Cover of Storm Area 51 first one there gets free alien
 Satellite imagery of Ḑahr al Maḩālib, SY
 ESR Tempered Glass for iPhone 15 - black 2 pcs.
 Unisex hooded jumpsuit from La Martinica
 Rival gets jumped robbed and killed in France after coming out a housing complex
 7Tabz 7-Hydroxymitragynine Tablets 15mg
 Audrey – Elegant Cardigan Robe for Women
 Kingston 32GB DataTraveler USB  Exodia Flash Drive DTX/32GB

== == ==

### TASK GOAL
Exactly as written, transcribe each line of the data.

### OUTPUT BELOW
Cover of Storm Area 51 first one there gets free alien
 Satellite imagery of Ḑahr al Maḩālib, SY
 ESR Tempered Glass for iPhone 15 - black 2 pcs.
 Unisex hooded jumpsuit from La Martinica
 Rival gets jumped robbed and killed in France after coming out a housing complex
 7Tabz 7-Hydroxymitragynine Tablets 15mg
 Audrey – Elegant Cardigan Robe for Women
 Kingston 32GB DataTraveler USB  Exodia Flash Drive DTX/32GB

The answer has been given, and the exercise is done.